I started by dicing and frying some pancetta. After setting that aside, I sautéed onions and then garlic in olive oil. Once those were lightly browned, I added more olive oil, and placed the leftover pasta—angel hair in this case—in the pan, turning it every so often, so that the edges became golden and crispy. When this was about halfway done, I added the chopped chicken from the fridge, the pancetta, and some capers. Once everything was cooked, the dish was topped with parmesan, toasted slivered almonds, fresh parsley, and a touch of lemon.

See Also: Previous Adventures with Twice-Cooked Food

Thursday, July 3, 2008

Shrimp Tacos with (More Than) a Little Help From a Friend, or Further Adventures in Marinating

Former professional cook, ongoing gourmand, mild-mannered bon vivant, and all-around good guy Hubcap was coming in to town, and I had no idea what to feed him, when all of a sudden I had a vision.
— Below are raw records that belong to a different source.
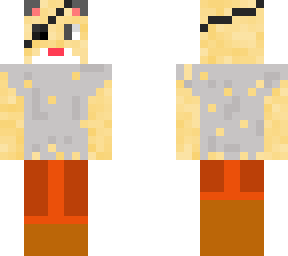 mr catson pirate eddition ( overlayer)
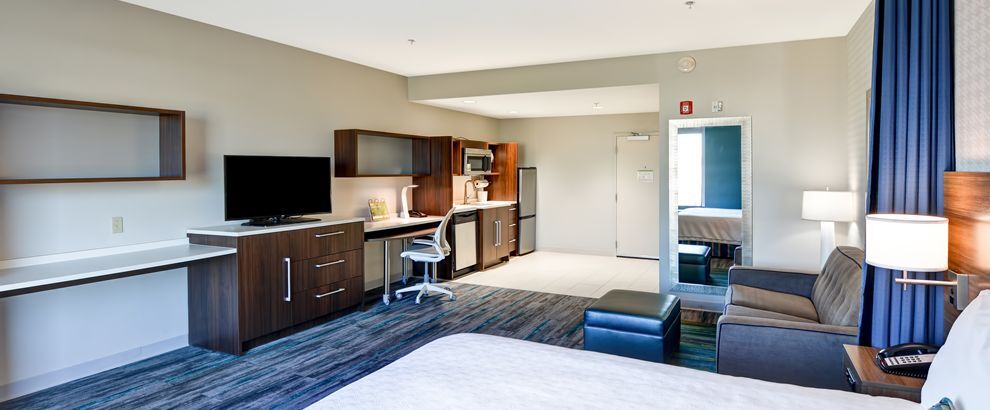 Home2 Suites By Hilton Conway Exterior photo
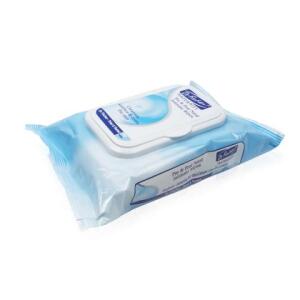 Dr.Fischer Genital Hijyen Mendili - 3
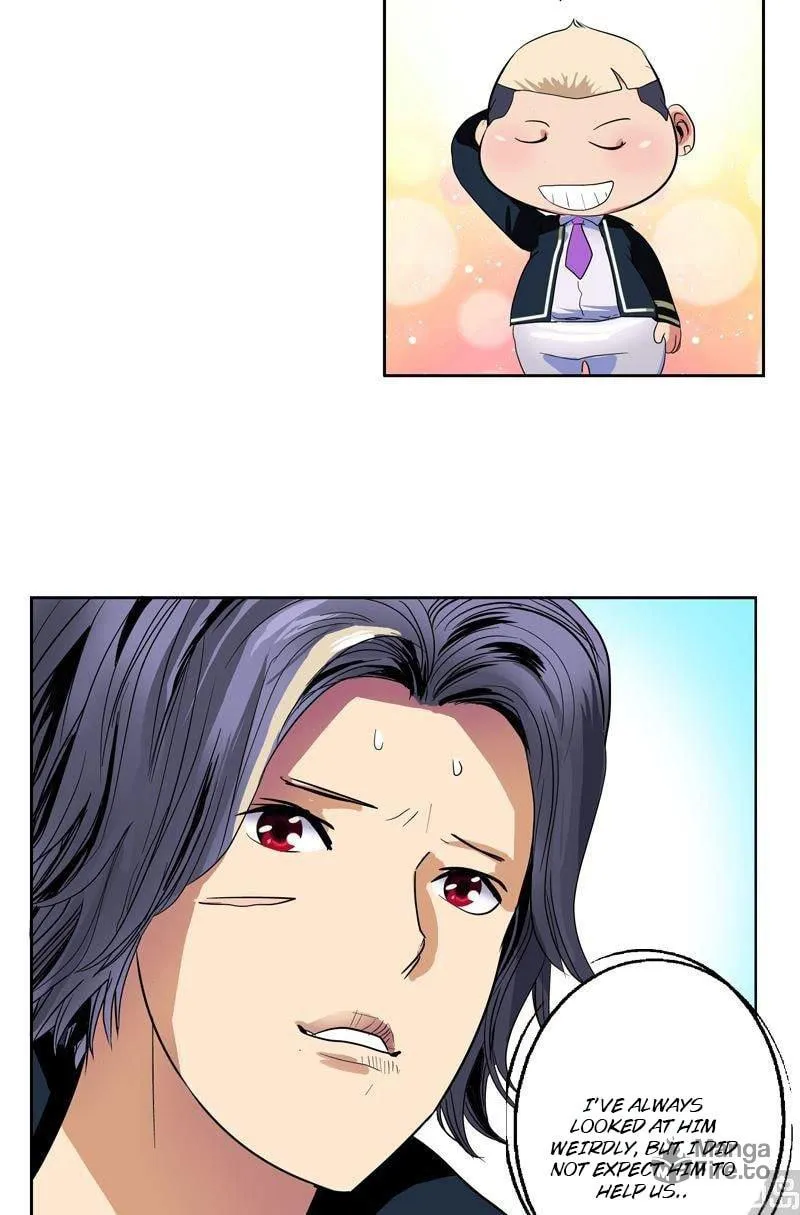 Read Urban Best Medic (Colored) chapter 63 image 8 on Lezhin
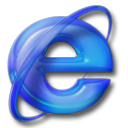 Internet Explorer 6 icon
I was sitting outside at Sea Salt, a local seafood eatery near Minnehaha Falls that everyone raves about. Alas, both times I have been there, the food has been, well . . . fine, pleasant. Let me be clear, I have no real complaints, but when it comes to seafood and everyone raving, well . . . it seems like things should be pretty transcendent. So, I’m sitting there mildly enjoying my shrimp taco when the thought plops down on top of me: I could make a better one, and I should do so for my good friend, Hubcap.

The only problem with my vision was that it was a partial one. I saw tender pink shrimp with a touch of lime, Monterey jack, and either avocados or guacamole, a little shredded lettuce and tomatoes, but I was drawing a blank on the salsa front. A traditional red salsa would have been adequate, but this was seafood and Hubcap and my own little ego; adequate wouldn’t suffice. So, I emailed my friend, C, another former professional cook, ongoing gourmand, less mild-mannered bon vivant (or perhaps bonne vivante, je ne sais pas) and all around good guy (er, gal).

She didn’t hesitate (at least as far as one can suss out hesitation or its lack thereof in an email) to lay out some guidelines that made me second and third-guess her self-editor, before following them (for the most part) to what I considered raving success. I thought I was inquiring about salsa, but the technique C introduced me to, one I had never heard of—and neither have any of the friends I’ve mentioned it to since then—was a post-cooking marinade. I hope I am not revealing any family or trade secrets, but for you, dear reader, it’s a risk I’m willing to run.

She directed me to cut the shrimp in half lengthwise, another step that was new to me, but which proved a fine move on the texture front, and a nice way of ensuring shrimp in every bite, something that doesn’t always happen with shrimp dishes. After quickly sautéing then removing them from the pan, I sautéed finely chopped onions and garlic, then poured lime juice over them, and let that cook for another minute or two. At this point, I combined the garlic-onion-lime concoction with the shrimp and placed it all in the fridge for an hour or two.

C’s other excellent suggestion was to put the flour tortilla on the skillet in a touch of oil, and sprinkle the Monterey jack on top of it. There was a trade-off with this step—the tortillas weren’t as malleable as they usually are—but it’s one I would make again for the sake of the crispy shell and melted cheese surrounding the rest of the ingredients. The only place I veered from C’s directions was in my choice of a tomatillo salsa over pico de gallo.